I agree. I think some folks do not appreciate the expense of depreciation. I am only doing it to supplement my regular income, so I am using my 2 year old daily driver. If I were to buy a car for the sole purpose of ubering full time, I would probably go with a 3 or 4 year old used corolla/sentra or something along those lines. I cannot imagine buying a new car to uber in. I think they offer a lease program in some markets, but I think you have to do a three year term. Sounds a lot like owing to the company store, considering that uber can control how much you charge. I would be terrified that they would cut the rates the week after I signed a lease deal for a prius.


----------



## marty (Jul 17, 2015)

Jeep Daddy said:


> Thanks for your input. I have an 06 Honda Civic Hybrid and get quite a few compliments too. It gets good mileage but I think the hybrid battery system is better in the Prius. I'm actually asking this question for my brother that is just starting out driving for Uber. He's starting by using his Jeep Liberty. I don't know what his mileage is but probably not anywhere near the 38-45 my Honda gets.
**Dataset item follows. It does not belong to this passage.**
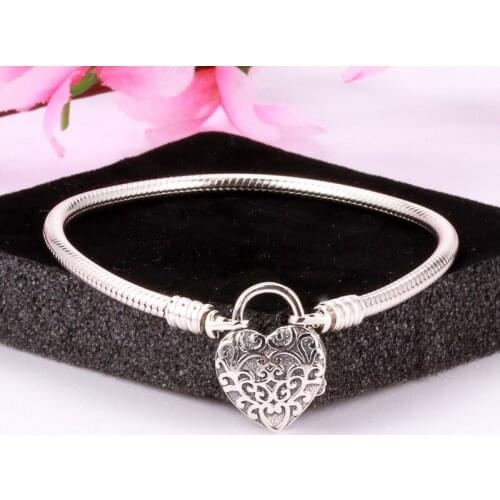 Bewill 925 Sterling Silver Snake Bone Chain New Smooth Silver Lock Kings Heart Bracelet Gift For Girlfriend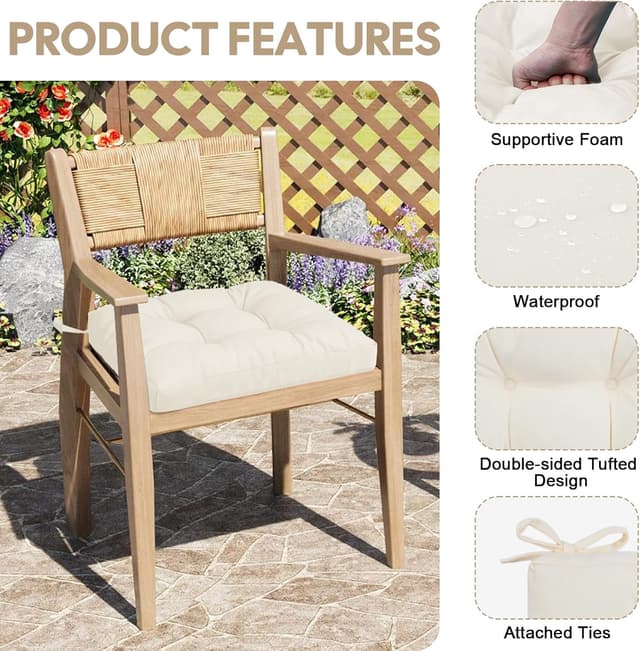 Detalle 2 de PrimepatiO Outdoor Garden Chair Cushions Set of 2 (8cm thick, waterproof) – Beige 50 x 50cm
I drive a patriot, and I usually manage about 23-25 MPG.


----------



## UberLou (May 5, 2015)

lakesnake said:


> I use a 2011 Ford Fiesta Hatchback SES with black leather seats and trim. Riders are surprised to see leather in a small car. Handles well in traffic and in the rain. Freezing cold a/c, very important in Austin,Texas. A Focus might have been a larger option, but I'll wait and see.


You mean pleather? JK


----------



## Jimmy D (Jul 4, 2015)

It seems that Consumer Reports ranked the Prius V one of the most reliable cars out there. They started making them in 2012 model year. At 42 MPG in the city and an SUV storage area, it really is great. Under 100k miles it sells for $12 to $14K in auto trader. It should go 150k miles or more and one model even has reclining back seats. (model 5)


----------